That meant solving two recurring problems.
Geography mismatch
The official boundary file uses one set of codes (Local Planning Authority), the Right to Build dataset was using another (Local Authority District), and some planning authorities do not behave like normal districts.
Reporting mismatch
Quite a few councils had missing years, odd drop offs, or reporting that looked like annual totals rather than running totals.
Step 1 Get the boundary layer
I used the April 2023 LPA boundary dataset from the Open Geography Portal as the baseline geometry for the map, because it is a stable and most up to date snapshot available and it includes the attributes I can reliably join on.
To make joins reliable, I standardised around a single join field, with the map code defaulting to LPA23CD as the join key.
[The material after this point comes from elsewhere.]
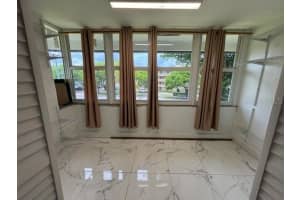 1400 191ST STREET, MIAMI, FL 33179 - MLS#MFRS5150350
Step 2 Make the codes line up
The Right to Build dataset was not always aligned to the same code system as the boundary file, so I had to cross reference LAD codes to LPA codes so each record could be matched to the 2023 boundary features.
Using the official geography references to translate and validate the codes before trusting anything on the map.
Step 3 Add the missing authorities that do not behave like normal districts
Some planning authorities sit outside the usual district structure, most notably National Park authorities.
So I manually added National Park authority entries into the dataset so they appear on the map and can be styled like everyone else.
Step 4 Build a harmonisation layer for structural changes
Where local government reorganisations meant authorities merged, split, or were replaced, I couldn’t just join the data and move on. I had to create a harmonisation layer so the time series stayed meaningful through boundary and governance changes.
Practically, this meant combining data where authorities had combined, rather than pretending the old and new councils were directly comparable year to year.
I also introduced control fields so the map can hide legacy or placeholder rows. The map scripts filter records using an “Include_in_map” flag, so anything not meant for display can stay in the file for auditability and future register updates without breaking the visuals.
Step 5 Fill gaps and correct obvious reporting artefacts
This is where a true statistician would have probably admitted defeat and just stopped based on lack of information. I didn’t try to make the data look nice, but I had to intervene when the series was clearly broken by missing submissions or a likely change in reporting style.
A Simple missing year gaps filled by interpolation
For gaps that looked like a genuine non reporting year, I filled the missing value using an average between the surrounding years.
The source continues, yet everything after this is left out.